** AIM OF THE EXERCISE **
For this exercise, copy the data exactly and omit any images.

** EXERCISE INPUT **
BEGIN

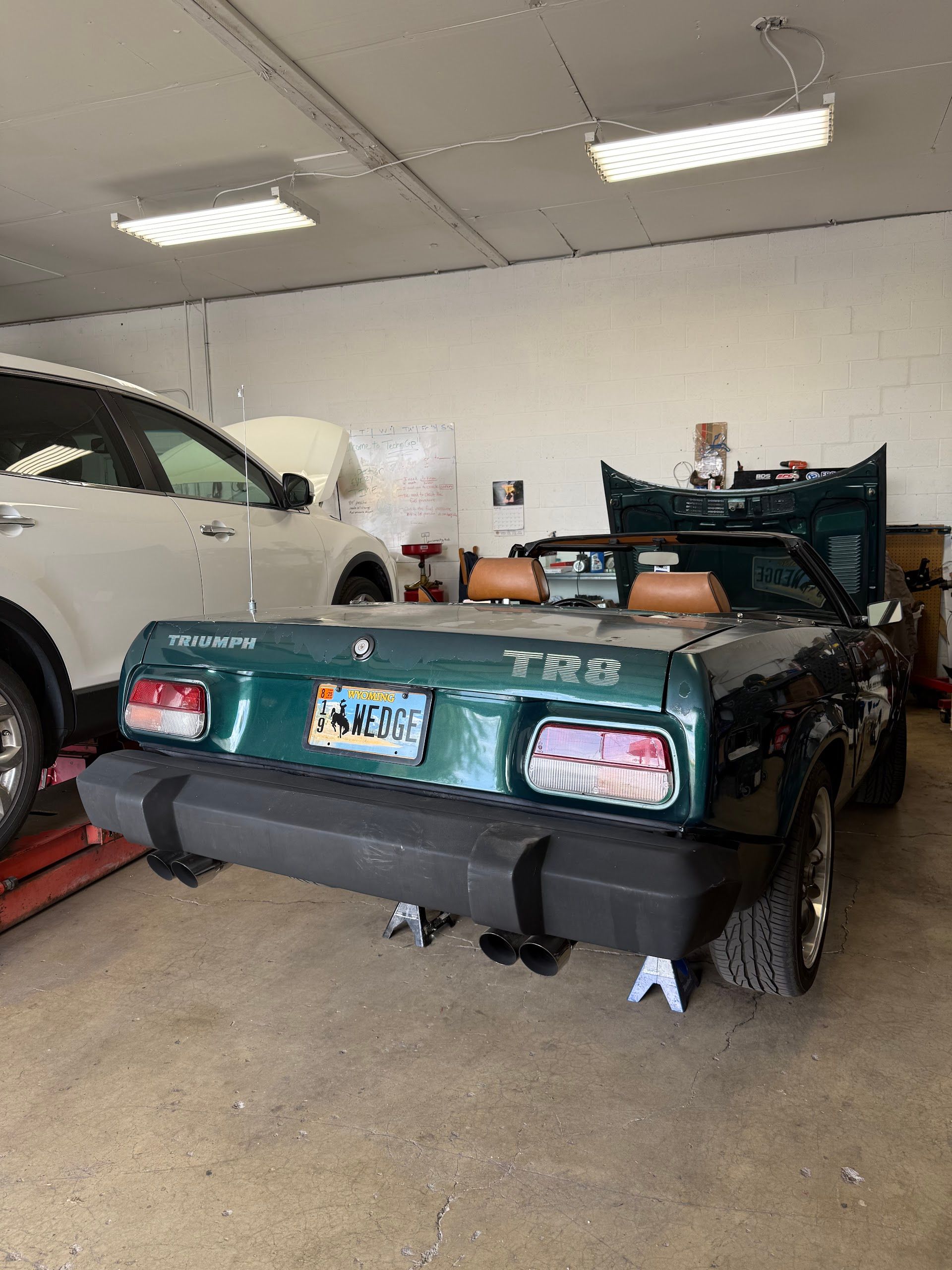 Classic Green Sports Car Inside Auto Repair Shop | Knight Motor Company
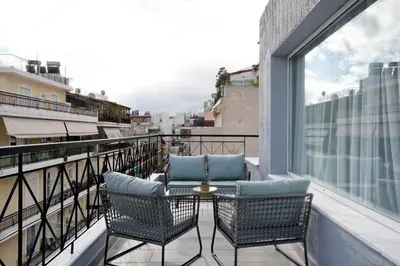 a balcony with two chairs and a table at Hercules Residence in Athens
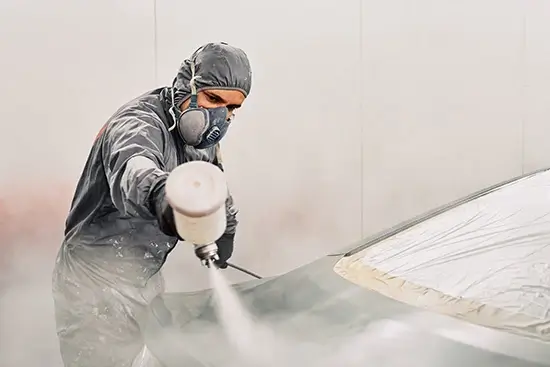 Spray Painting Inside a Booth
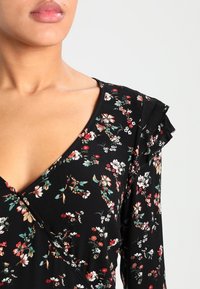 Robe noire à fleurs avec un col en V et des manches volantées; présente un motif floral multicolore et un tissu léger et texturé.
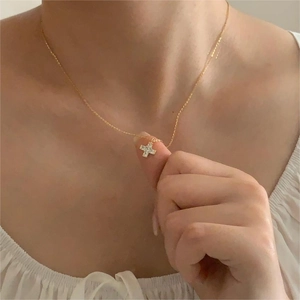 Elegant 925 sterling silver gold cross necklace with sparkling cubic zirconia on model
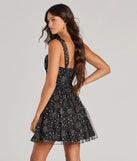 The Starry Night Glitter Tulle Skater Dress is a mini dress in black, perfect for an above-the-knee holiday party dress or a stylish NYE look, with a short hemline designed to make a winter statement.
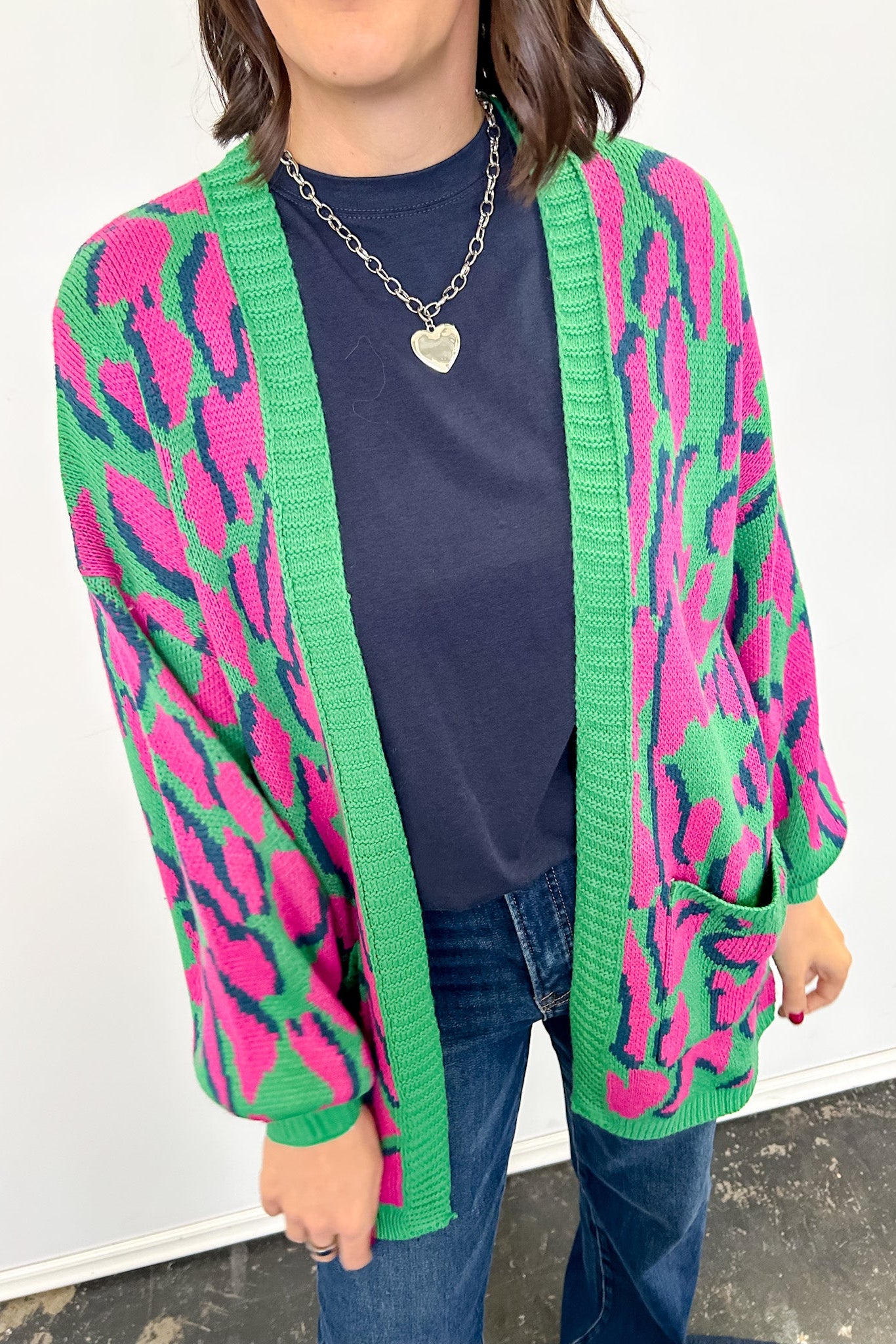 Person wearing a colorful cardigan with pink and green patterns on a white background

END

** TASK RESULT **
 Classic Green Sports Car Inside Auto Repair Shop | Knight Motor Company
 a balcony with two chairs and a table at Hercules Residence in Athens
 Spray Painting Inside a Booth
 Robe noire à fleurs avec un col en V et des manches volantées; présente un motif floral multicolore et un tissu léger et texturé.
 Elegant 925 sterling silver gold cross necklace with sparkling cubic zirconia on model
 The Starry Night Glitter Tulle Skater Dress is a mini dress in black, perfect for an above-the-knee holiday party dress or a stylish NYE look, with a short hemline designed to make a winter statement.
 Person wearing a colorful cardigan with pink and green patterns on a white background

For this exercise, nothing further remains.